ASSIGNMENT => For this exercise, write out each entry below exactly, omitting the images.

DATA EXCERPTS =>
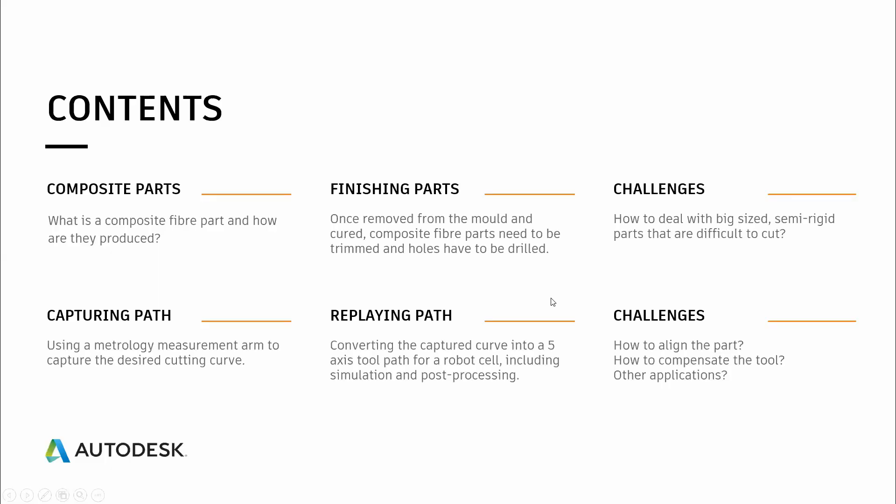Hello everyone. Welcome to the presentation of bringing cutting composite fiber parts into the 21st century. My name is Victor Martins Augusto. I'm going to show you the present situation and what we propose for the future.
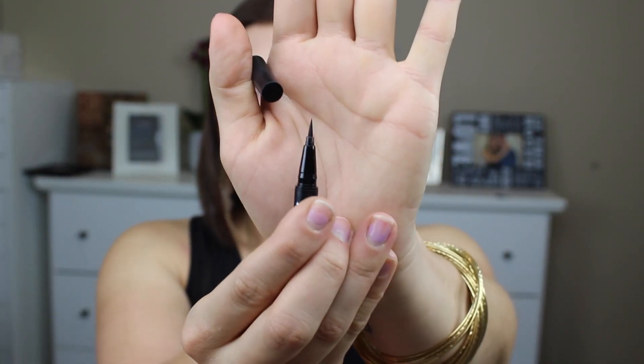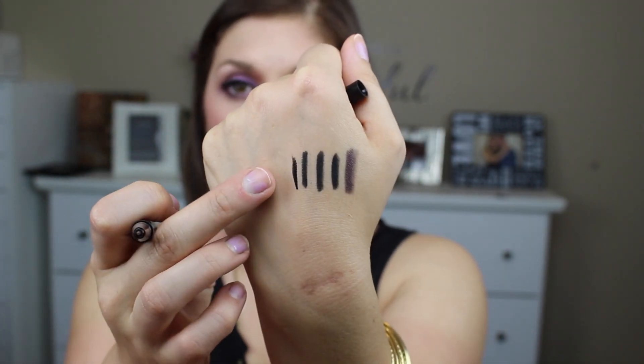Next is one of the liquids — the Kat Von D Tattoo Liner in the shade Trooper, which is actually what I used to do my eye makeup today. It is a felt-tip pen and it's so easy to use. It gives such a nice line and it was really easy to do my winged liner with it. It stays all day. I'm a die-hard Stila Stay All Day fan, but this Kat Von D eyeliner may be giving it a run for its money.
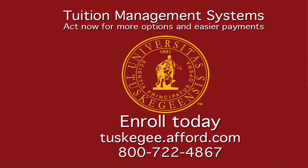To call Tuition Management, the number is 800-722-4867. Or you can enroll online at tuskegee.afford.com.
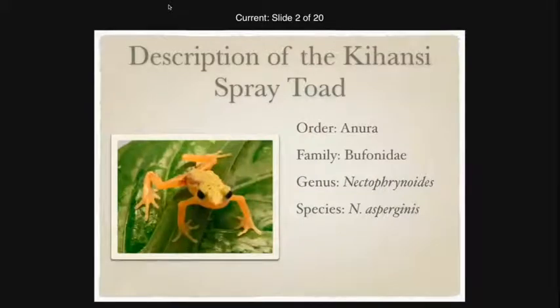The Kihansi spray toads are true toads in the family Bufonidae. They have a warty appearance, although they are quite small, making it hard to see clearly sometimes. They do have parotid glands, partially webbed hind toes, and they lack external tympana.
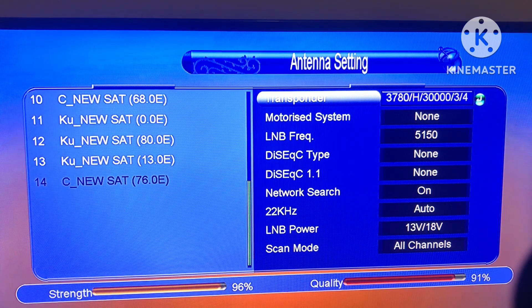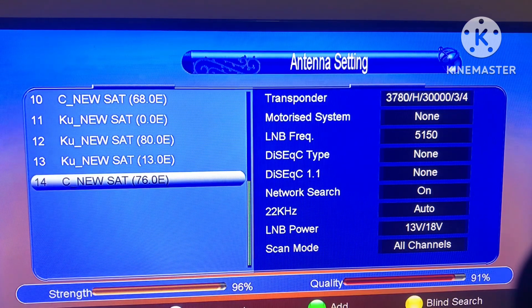I will show you how to use the Powerful TP and Powerful Transponder with the Simulator.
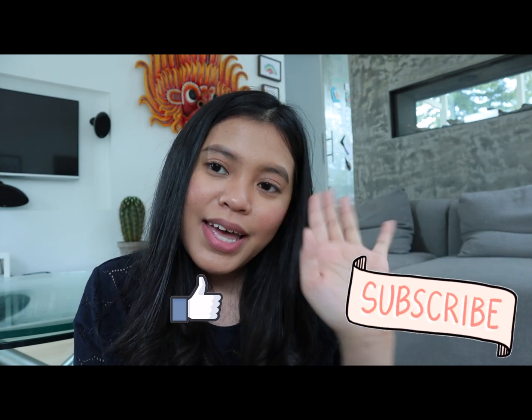That's it for this video, guys. I hope it helps. Thank you so much for watching — don't forget to like and subscribe. See you on my next vlog, bye everyone!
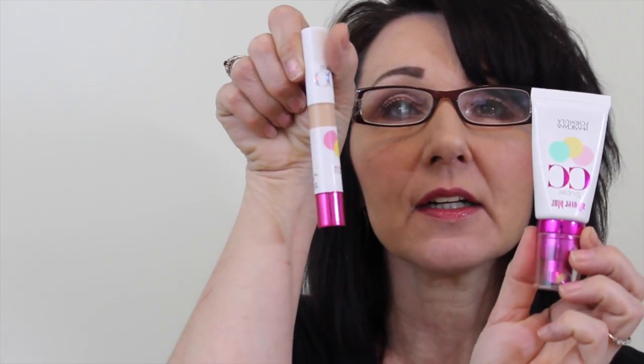Hi everybody, welcome to my channel. I'm doing a little review today on a couple of products I purchased the other day: the Physician's Formula CC cream, which is a primer and foundation in one, and the Physician's Formula concealer that's supposed to be an anti-aging product. This is how they look in the containers — really pretty packaging.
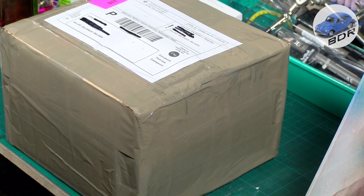Hello and welcome to Belgian Diecast Restorations. My name is Johan and today we're doing an unboxing. There's a lot I won on eBay, so let's see what's inside.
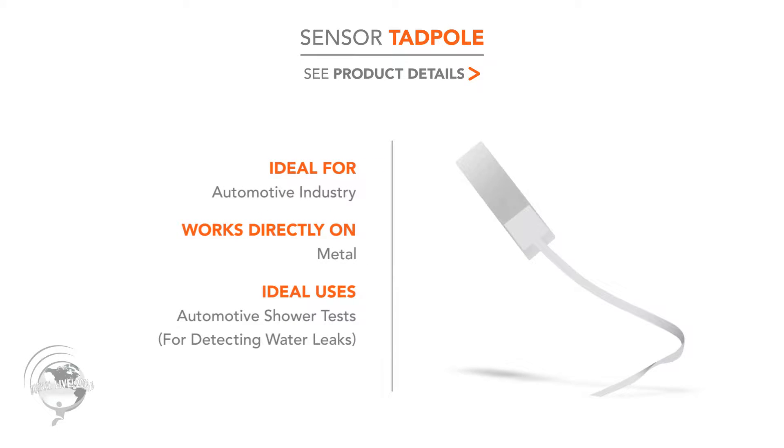The central tadpole is designed for automotive, works directly on metal, and it's for automotive shower tests. Today all automotive OEMs are manually checking if water is coming inside the car after assembly. They're struggling especially with hybrid and electric cars, where there are high voltage areas the operators are not allowed to put their hands anymore — and those are exactly the areas they need to check that water is not getting inside.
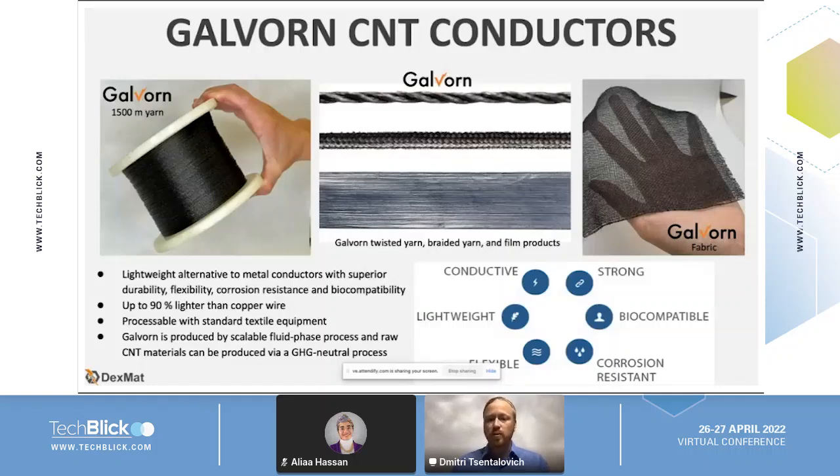Galvorn is also produced by a scalable fluid phase process, and we can actually get raw CNT materials that can be produced via a greenhouse gas neutral process. This process also can generate hydrogen at the same time. I'm going to give you a little bit more info about some of the properties of Galvorn and then talk about some of these wearable e-textile type applications.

TASK SOLUTION =>
Hello everyone. Welcome to the presentation of bringing cutting composite fiber parts into the 21st century. My name is Victor Martins Augusto. I'm going to show you the present situation and what we propose for the future.
Next is one of the liquids — the Kat Von D Tattoo Liner in the shade Trooper, which is actually what I used to do my eye makeup today. It is a felt-tip pen and it's so easy to use. It gives such a nice line and it was really easy to do my winged liner with it. It stays all day. I'm a die-hard Stila Stay All Day fan, but this Kat Von D eyeliner may be giving it a run for its money.
To call Tuition Management, the number is 800-722-4867. Or you can enroll online at tuskegee.afford.com.
The Kihansi spray toads are true toads in the family Bufonidae. They have a warty appearance, although they are quite small, making it hard to see clearly sometimes. They do have parotid glands, partially webbed hind toes, and they lack external tympana.
I will show you how to use the Powerful TP and Powerful Transponder with the Simulator.
That's it for this video, guys. I hope it helps. Thank you so much for watching — don't forget to like and subscribe. See you on my next vlog, bye everyone!
Hi everybody, welcome to my channel. I'm doing a little review today on a couple of products I purchased the other day: the Physician's Formula CC cream, which is a primer and foundation in one, and the Physician's Formula concealer that's supposed to be an anti-aging product. This is how they look in the containers — really pretty packaging.
Hello and welcome to Belgian Diecast Restorations. My name is Johan and today we're doing an unboxing. There's a lot I won on eBay, so let's see what's inside.
The central tadpole is designed for automotive, works directly on metal, and it's for automotive shower tests. Today all automotive OEMs are manually checking if water is coming inside the car after assembly. They're struggling especially with hybrid and electric cars, where there are high voltage areas the operators are not allowed to put their hands anymore — and those are exactly the areas they need to check that water is not getting inside.
Galvorn is also produced by a scalable fluid phase process, and we can actually get raw CNT materials that can be produced via a greenhouse gas neutral process. This process also can generate hydrogen at the same time. I'm going to give you a little bit more info about some of the properties of Galvorn and then talk about some of these wearable e-textile type applications.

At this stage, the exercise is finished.